*PROVIDED MATERIAL*.
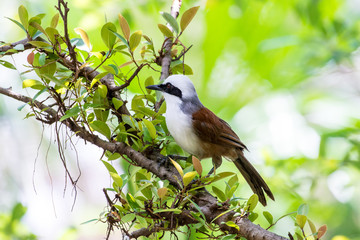 White-crested Laughingthrush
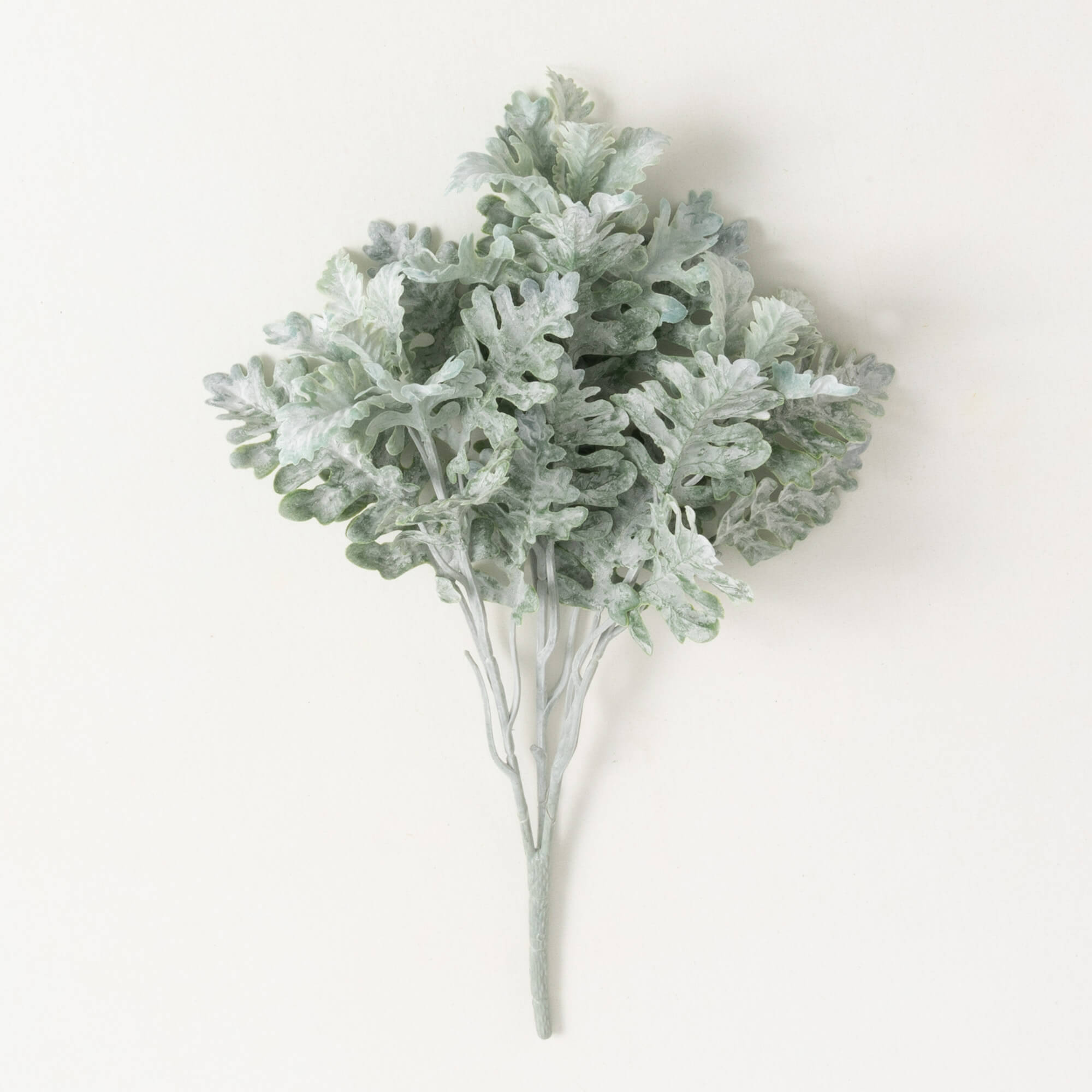 DUSTY MILLER BUSH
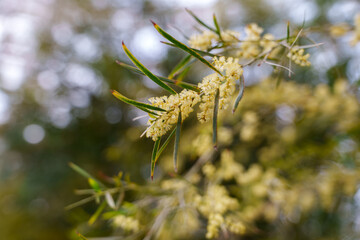 Close-up of fluffy white acacia flowers (Acacia dealbata) in bloom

*WHAT TO PRODUCE*.
Word for word, reproduce all the data, but not the pictures.

*TASK ANSWER*.
 White-crested Laughingthrush
 DUSTY MILLER BUSH
 Close-up of fluffy white acacia flowers (Acacia dealbata) in bloom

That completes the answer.